Brief » Using the data below, transcribe exactly everything from the line that contains "516 - 2501 Saw" down to the line that contains "Kawasaki カワサキ純正部品 Z900RS". Include both of those lines and none of the pictures.

BEGIN Given information

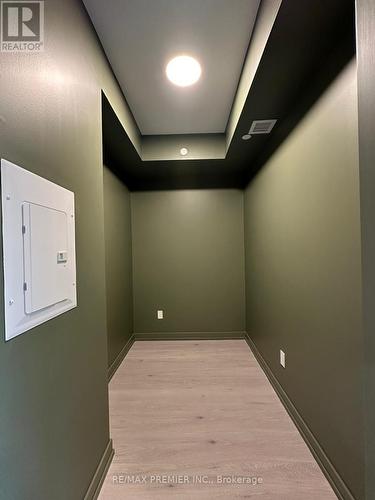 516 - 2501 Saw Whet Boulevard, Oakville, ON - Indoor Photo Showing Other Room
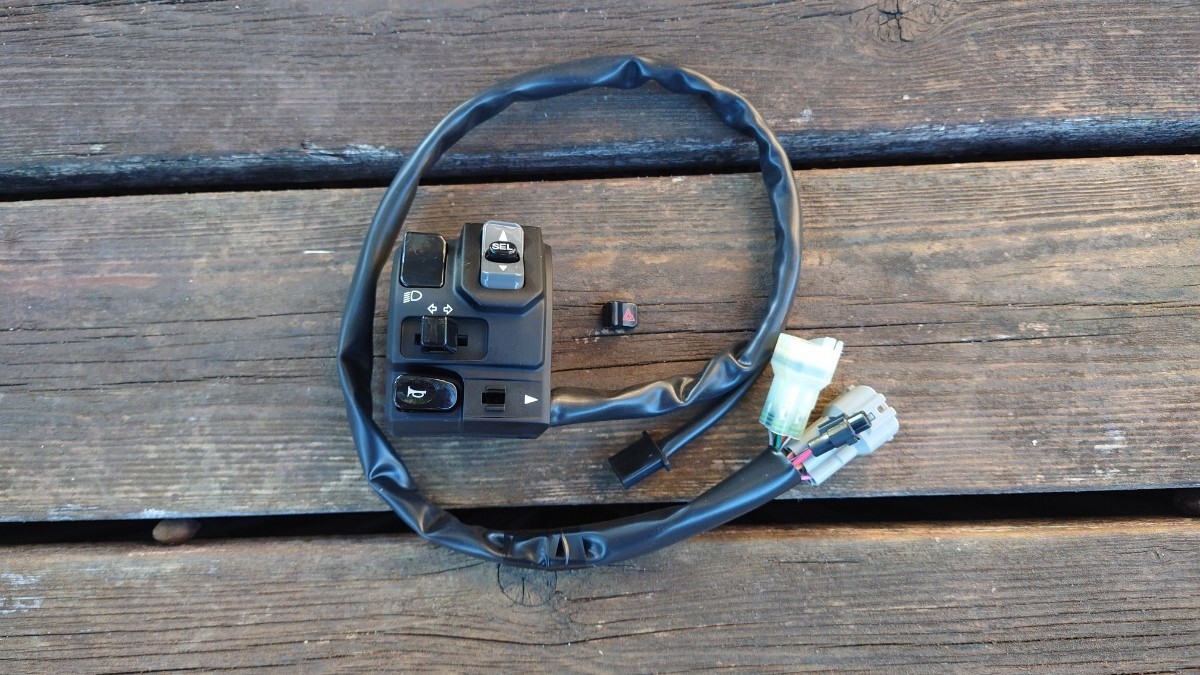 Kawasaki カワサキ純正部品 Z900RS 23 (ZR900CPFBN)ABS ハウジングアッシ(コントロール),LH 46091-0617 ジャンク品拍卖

END Given information
BEGIN Given information

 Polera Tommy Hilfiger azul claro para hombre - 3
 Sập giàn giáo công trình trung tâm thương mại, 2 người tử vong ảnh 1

END Given information
BEGIN Given information

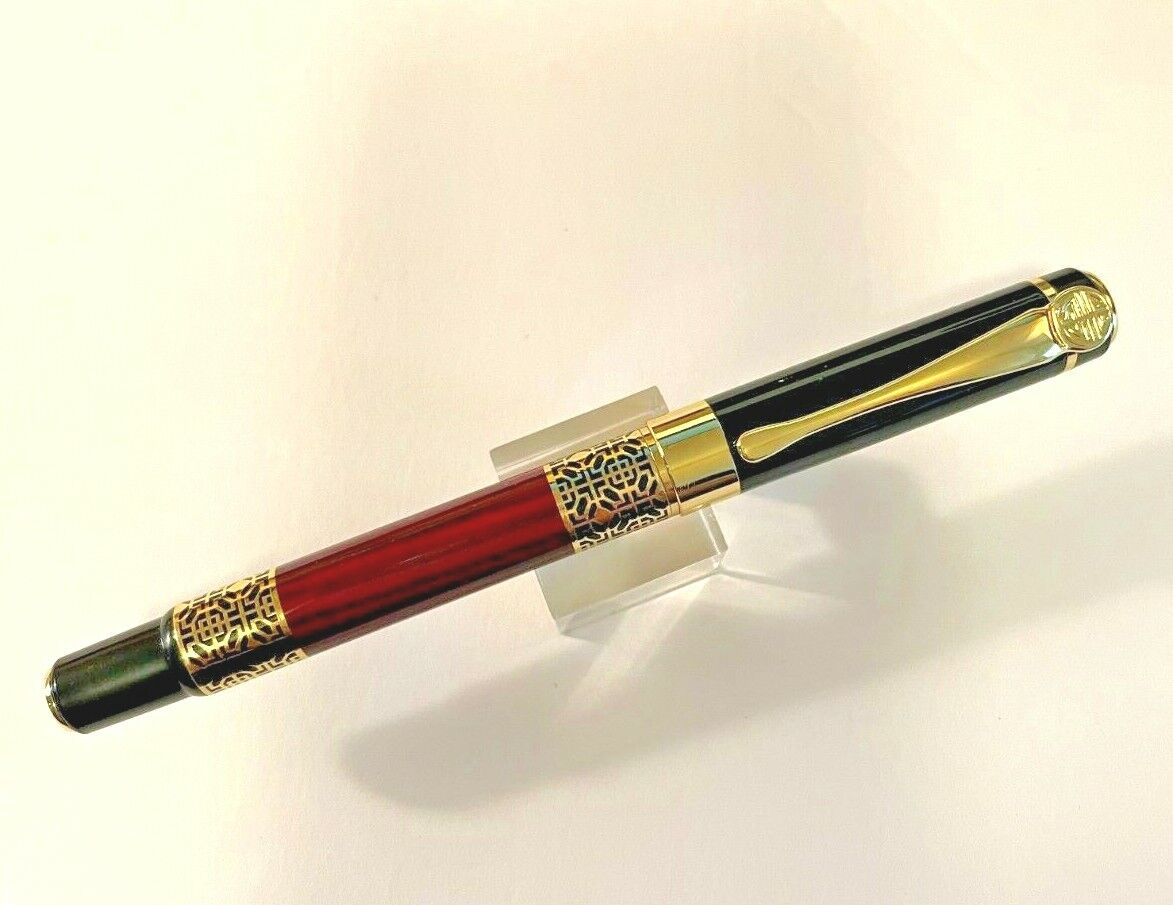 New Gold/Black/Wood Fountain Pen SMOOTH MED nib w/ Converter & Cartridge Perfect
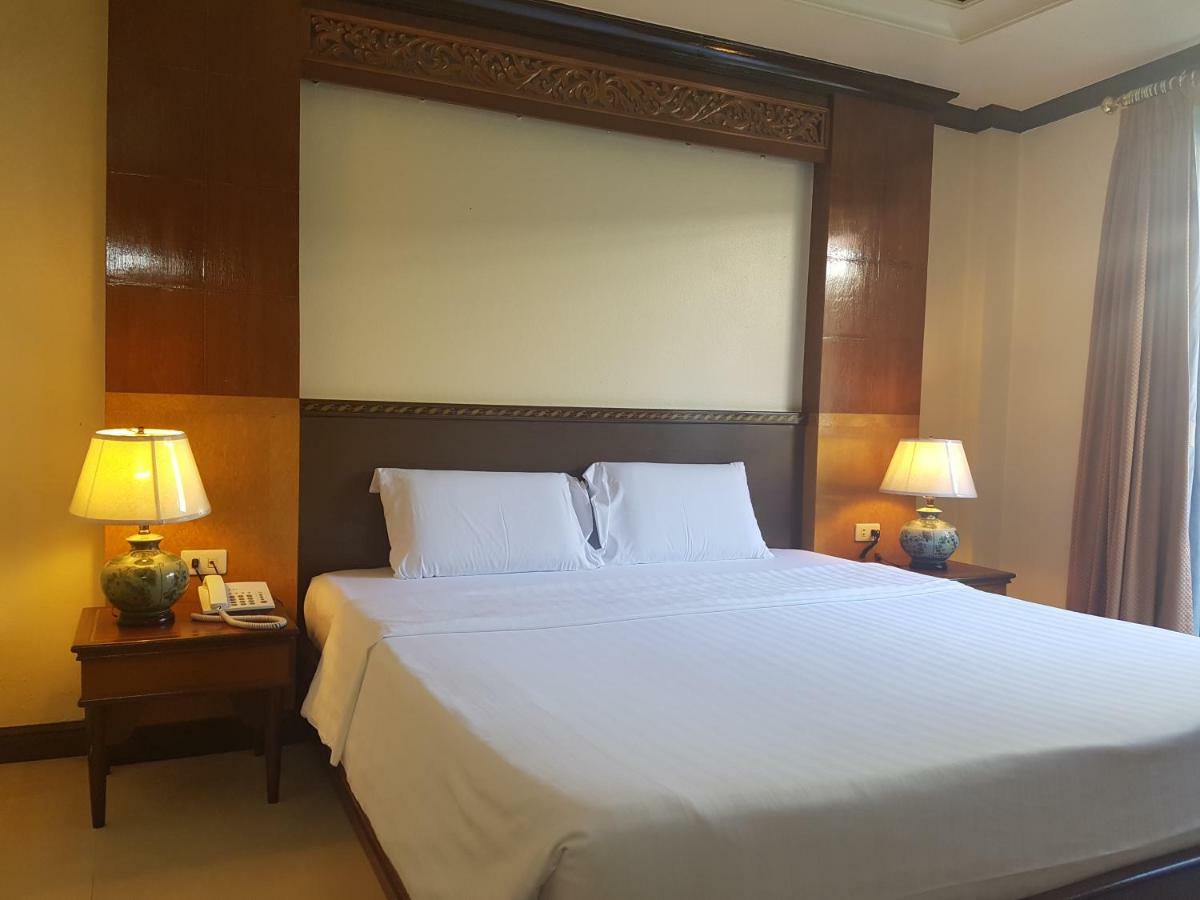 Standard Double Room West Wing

END Given information

Result »
 516 - 2501 Saw Whet Boulevard, Oakville, ON - Indoor Photo Showing Other Room
 Kawasaki カワサキ純正部品 Z900RS 23 (ZR900CPFBN)ABS ハウジングアッシ(コントロール),LH 46091-0617 ジャンク品拍卖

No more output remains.